It is important that all members of the dental team are trained in the use of PPE, including:8
When to use it
What PPE is required
Safe donning, using and doffing of PPE to prevent self-contamination and contamination of others.
The BDA provides its members with a video on how to use PPE safely, in order to help dental practices to prepare for opening up again.7 The use of PPE should be incorporated into COVID-19 medical emergencies training for the dental team.
Prevention of cardiac arrest
Prevention of cardiac arrest and avoiding the need to perform CPR is the ideal scenario. It is important to follow the 'Airway, Breathing, Circulation, Disability, Exposure' (ABCDE) approach to assess and treat the acutely ill patient.14
In hospitalised COVID-19 patients, the respiratory function can quickly deteriorate, leading to a rapid increase in oxygen requirements.15 It is possible that this may also happen in the dental practice, so it is imperative to call 999 in a timely manner and, while waiting for the paramedics, ensure the patient is in an optimum position to help their breathing (usually sitting upright with feet on the floor) and administer oxygen (15 litres/min). This may prevent deterioration to cardiac arrest.

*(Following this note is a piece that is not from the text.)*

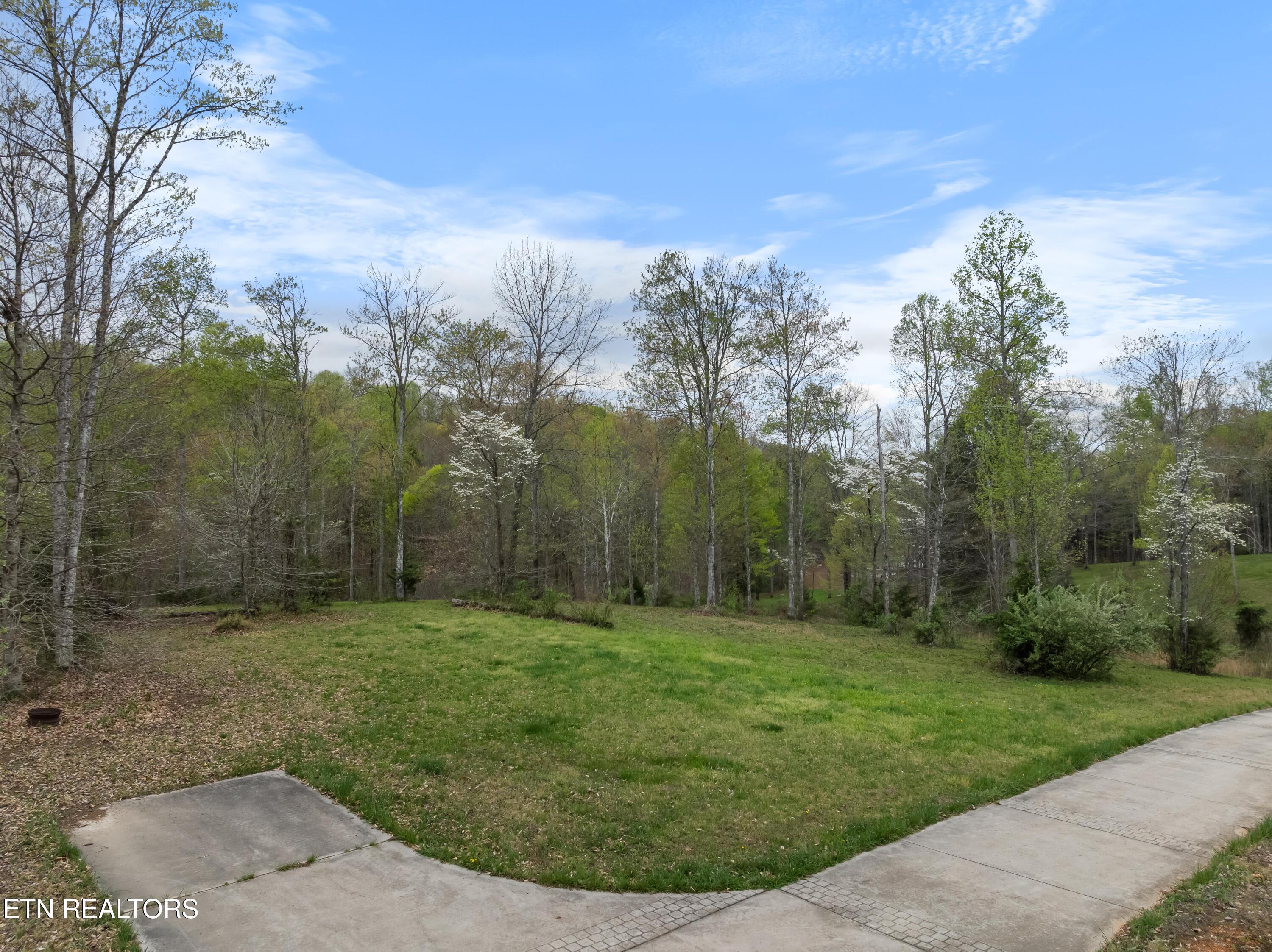 Norris Lake Real Estate - Image# 3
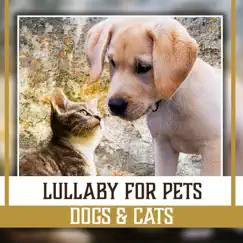 Lullaby for Pets: Dogs & Cats – Calming Therapy Music for Relaxation, Stress Relief, Cleanse of Negative Energy, Time to Slumber, Sleep Aid by Pet Care Club album reviews, ratings, credits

Resuscitation Council (UK) COVID-19 guidelines
The Resuscitation Council (UK) has provided a number of helpful statements relating to CPR and resuscitation in COVID-19 patients in different settings; for example, acute/non-acute hospital settings, first aid and community settings.5 Although there is no specific guidance for dental practices, the overall common themes of the statements can be easily applied to dental practice settings. The revised procedure for COVID-19 resuscitation in the dental practice (Fig. 1) will now be described.
Call for help
If a patient collapses, immediately summon help from colleagues. This will usually involve shouting for help. This will ensure the prompt arrival of colleagues who can start to don appropriate PPE if necessary.
Confirm cardiac arrest
Cardiac arrest should be confirmed by looking for the absence of signs of life and the absence of normal breathing. Refrain from listening or feeling for breathing by placing your ear and cheek close to the patient's mouth.
Call 999 for an ambulance (inform the ambulance service that COVID-19 is suspected).

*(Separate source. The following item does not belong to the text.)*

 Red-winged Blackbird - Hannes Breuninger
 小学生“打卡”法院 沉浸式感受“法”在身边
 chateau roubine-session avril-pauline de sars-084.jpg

Attach automated external defibrillator
As defibrillation is not an AGP, if wearing level 2 PPE, attach the automated external defibrillator (AED) and, if advised, deliver shock. Early use of the AED significantly increases the patient's chances of survival and does not increase the risk of infection. Continue to follow AED voice prompts as appropriate.
Start chest compressions
If level 2 PPE (Box 1) is available, cover the patient's nose and mouth with a cloth or towel (as this may limit aerosol spread) and start chest compressions at a rate of 100-120 per minute
If level 3 PPE (Box 2) is available, start chest compressions and ventilations at a ratio of 30:2.

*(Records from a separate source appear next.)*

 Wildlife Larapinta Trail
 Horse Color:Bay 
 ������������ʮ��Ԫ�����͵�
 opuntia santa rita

Ventilations are considered an AGP,5,9 so all team members present must be wearing level 3 PPE before ventilations are started. Start ventilations with a bag/mask device, ideally a two-person technique, with supplementary oxygen (15 litres/min) attached. Mouth-to-mouth ventilation or ventilation via a pocket mask should not be undertaken. The ratio of chest compressions to ventilations is still 30:2.
Dental surgeries are generally quite small and it is important to limit numbers entering the room. It may be necessary to allocate a gatekeeper to restrict numbers. In an emergency in the waiting room, it is important to ensure all other patients are asked to leave the room.
As advised by NHS England and NHS Improvement,2 a suggested aide-memoire 'COVID-19 Resuscitation in the Dental Practice' is detailed in Figure 1. The poster 'Resuscitation of COVID-19 Patients in the Dental Practice' (Fig. 2) is designed to be a visual reminder of the key points (when level 3 PPE is unavailable i.e. no ventilations). The poster is available in PDF format from Walsall Healthcare NHS Trust (please email email@example.com).
If the dental care professional (DCP) is alone, then it would be reasonable to follow the above procedure except for providing ventilations (AED and chest compressions only). It would be helpful to cover the patient's nose and mouth with a towel or similar.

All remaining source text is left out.